There is considerable support in the wider judgment literature for the range-frequency approach. Studies examining judgments of drink sweetness (Riskey, Parducci, & Beauchamp, 1979), hypothetical tips (Wedell & Parducci, 1988), payments (Parducci, 1968, 1995) and wages (Brown et al., 2008), personalities (Wood, Brown, Maltby, & Watkinson, 2012), and many other types of stimuli (Birnbaum, Parducci, & Gifford, 1971; Parducci, Calfee, Marshall, & Davidson, 1960; Wedell & Parducci, 1988; Wedell, Parducci, & Geiselman, 1987) show response patterns that are predicted by the range-frequency model but are inconsistent with either rank-only or range-only models.

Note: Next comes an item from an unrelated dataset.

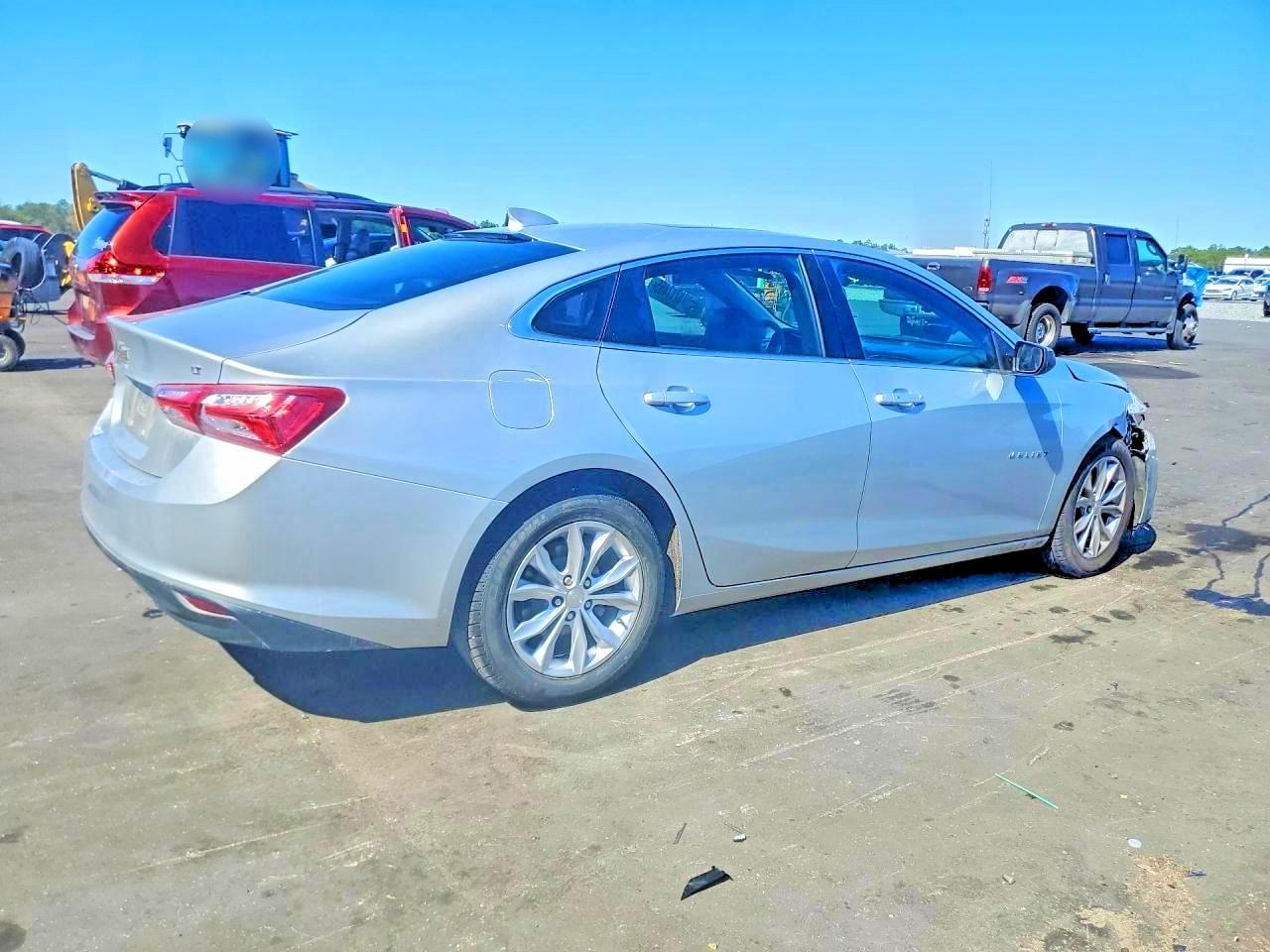 2020 Chevrolet Malibu Lt - Фото 3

The models described above make different predictions for evaluations of skewed payment structures. The mean comparison and pure rank-based models predict no effect of skewness unless additional assumptions are made. The range-only and range-frequency models (with w > 0) predict greater satisfaction with negatively skewed payment structures. These model predictions will be compared in Experiment 1. Moreover, previous research has not examined individual differences in strategies: a good fit of range frequency theory to data that have been averaged across participants might mask a pattern in which some participants adopt a range-only strategy while others adopt a rank-only strategy.Footnote 1 Experiment 1 addresses this issue directly by undertaking model comparison at the level of the individual.

Experiment 1

Following Parducci (1968), we asked participants to rate their satisfaction with each of a series of credit payments drawn from either a positively or negatively skewed payment structure. We extend Parducci (1968) by asking participants to rate their satisfaction with the outcome of the overall sequence of payments, not just their satisfaction with individual payments.

Method

Participants

Forty University of Warwick undergraduates were split into two groups of 20 and paid five candies.

Procedure

Participants were seated at a table with three facedown cards placed on it. Below the cards was a satisfaction scale ranging from 1 (very dissatisfied) to 7 (very satisfied). Above the cards were three piles of candies with labels of 0–599 (four candies), 600–1,199 (five candies), and 1,200+ (six candies). Participants were told these labels were the number of credits required to win the corresponding pile of candies.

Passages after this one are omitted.